Last week on Deep Dive, we looked at new research on the situations where state leadership transitions cause a spike in the likelihood of war. This week, we’ll dig into a more optimistic take on state leadership turnover. In a recent article in International Studies Quarterly, political scientist Robert Schub argues that leadership transitions — or, rather, the threat of leadership transitions — can actually increase the likelihood of peace in certain situations.

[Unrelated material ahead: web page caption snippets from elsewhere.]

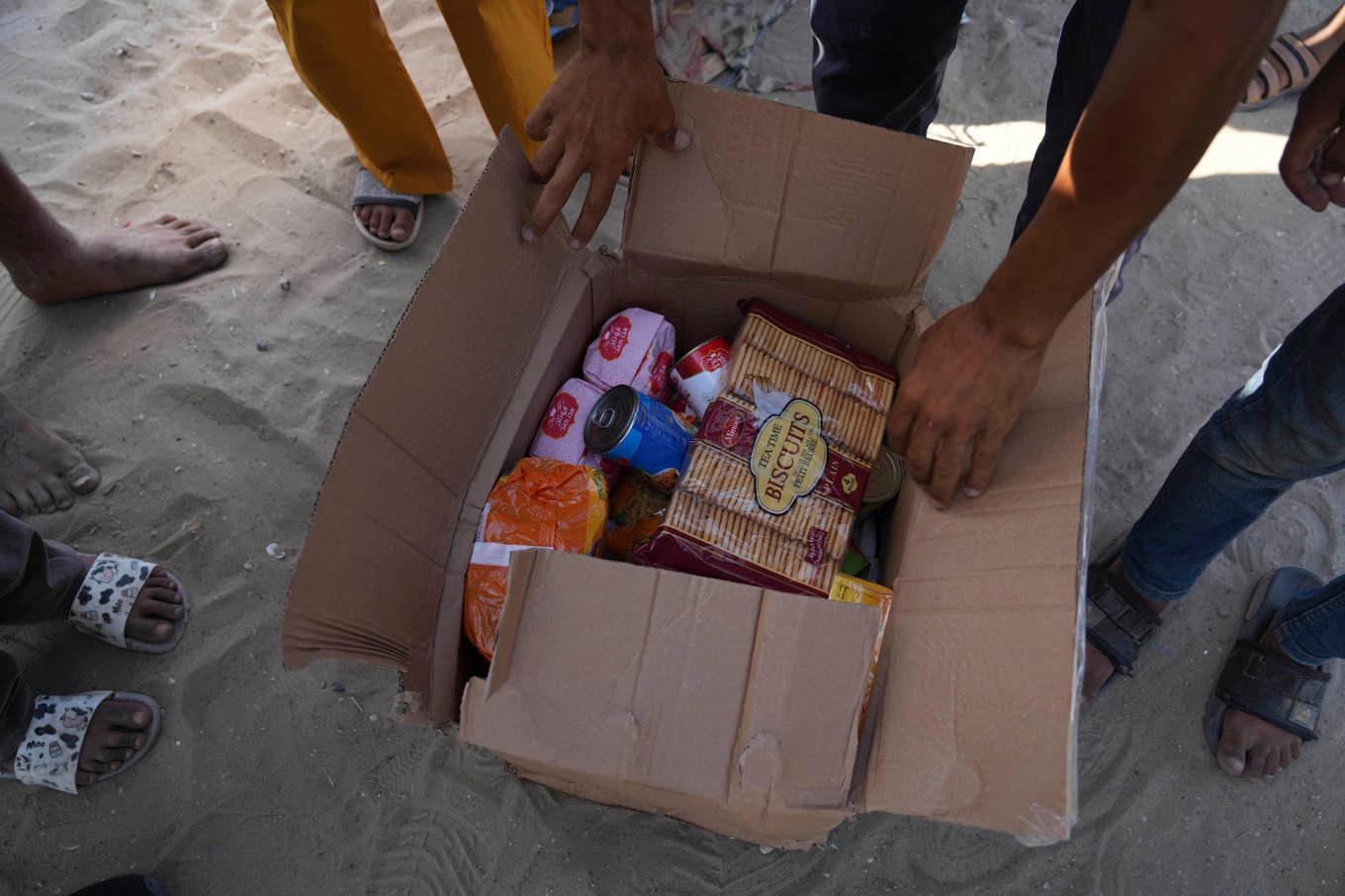 Några palestinier i Gaza öppnar en av de matlådor som distribuerats via den kontroversiella organisationen GHF. Foto: Abdel Kareem Hana/AP/TT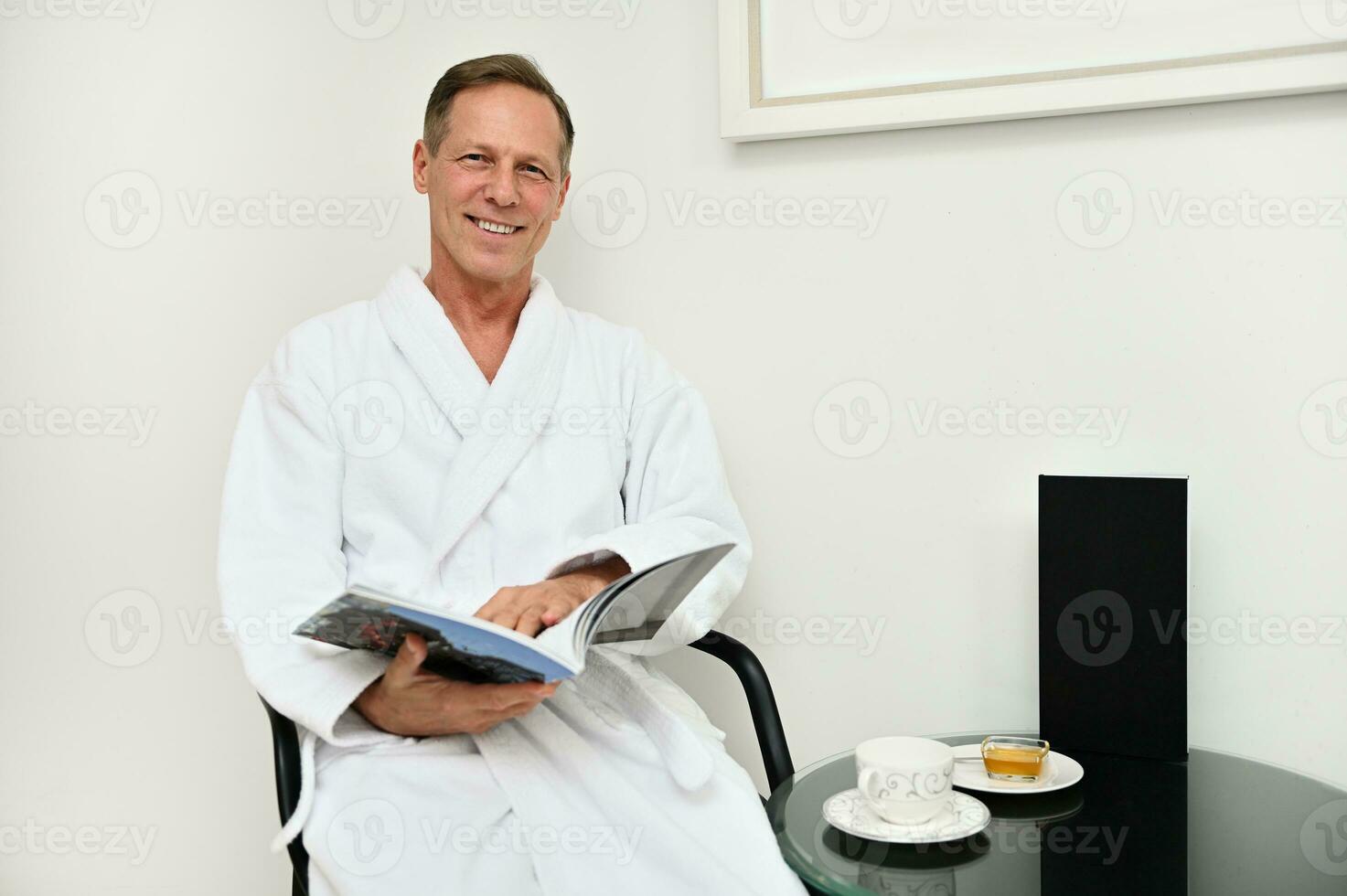 knap charmant volwassen Kaukasisch Mens in wit badstof badjas zittend Aan fauteuil met een tijdschrift in zijn handen, glimlacht toothy glimlach op zoek Bij camera, ontspannende Bij luxueus welzijn spa centrum foto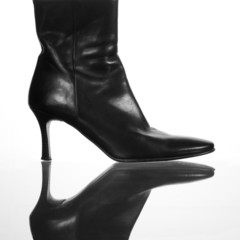 elegant black leather boot with high heels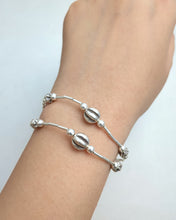Silver charm bracelet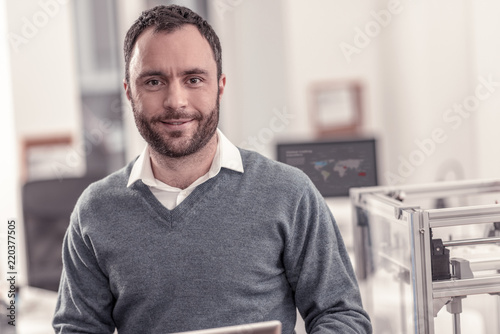 Feeling glad. Portrait of handsome bearded man smiling standing at the office with 3D printer on the background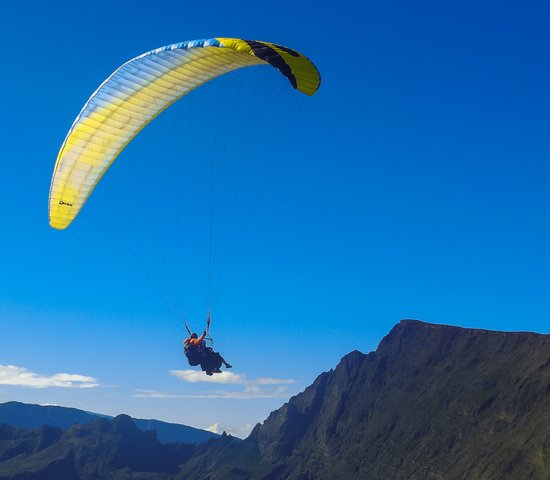 Parapente dans le ciel bleu de l'île de la Réunion, au sommet du Maido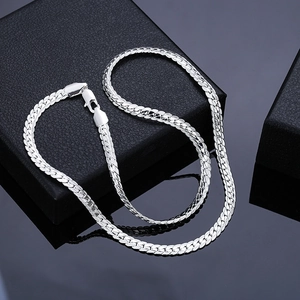 Polished silver flat curb chain necklace with lobster clasp on premium black display box
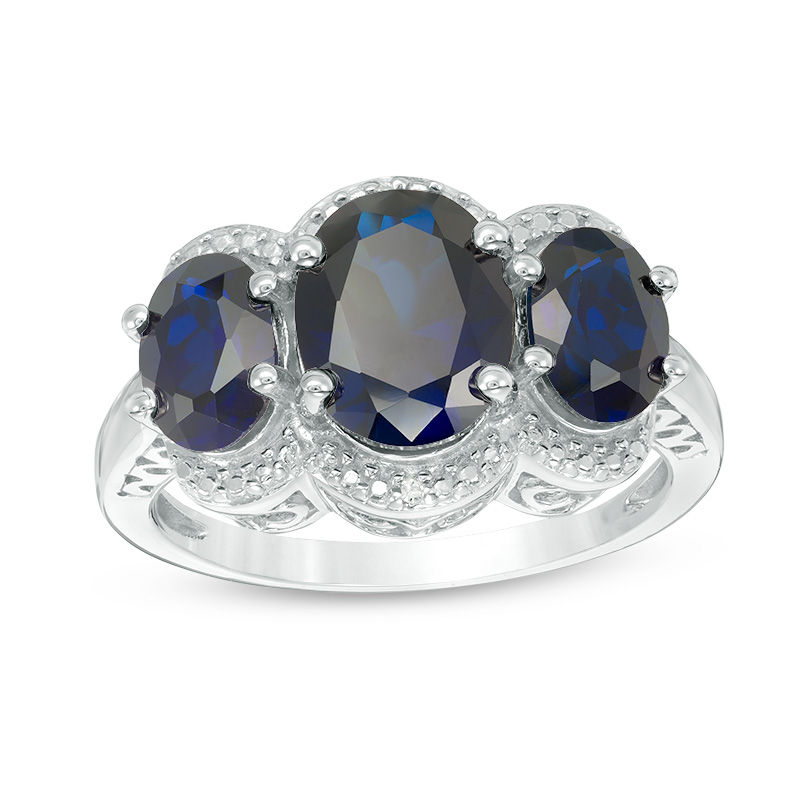 Oval Lab-Created Blue Sapphire and Diamond Accent Three Stone Frame Ring in Sterling Silver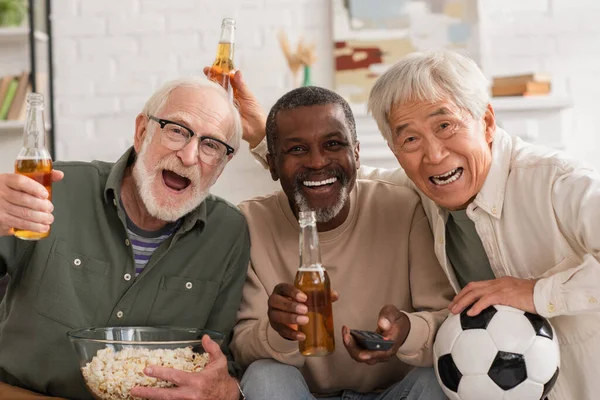 Sorridenti amici anziani interrazziale con birra, popcorn e telecomando guardando la fotocamera a casa — Foto stock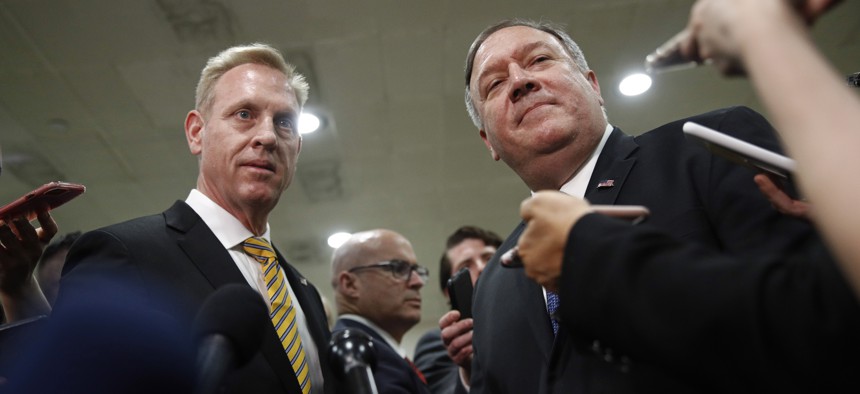 Acting Defense Secretary Patrick Shanahan, left, and Secretary of State Mike Pompeo speak to members of the media after a classified briefing for members of Congress on Iran, Tuesday, May 21, 2019, on Capitol Hill in Washington.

Schub’s analysis relies on two key observations. The first is that peace is not costless. Maintaining credible peace between states often means spending money to maintain a balance of military power between them. Even pursuing diplomacy and confidence-building measures costs money, and political capital, as well. The second is that the actual cost of achieving a particular peace between adversaries can vary dramatically over time. As a result, it is sometimes difficult for leaders to predict how certain events will affect peace costs.
A common way for political scientists to conceptualize war onset is to think of war as a failure of bargaining. Two countries have some dispute — a territory they both claim, for example — and the cost of a war between them will likely far outstrip any material gains either one would make as a result of the war. In theory, the two countries should be able to come to some compromise — say, splitting the territory in two, or one country keeping the territory but making compensatory payments to the other — that would save both the costs of going to war. The concept of peace costs throws a wrinkle in that theory. If you consider that maintaining peace is costly, then the range of situations narrows where war is clearly more costly than peace. The extent to which it narrows depends heavily on just how costly maintaining peace is now, and how costly it is likely to be in the future.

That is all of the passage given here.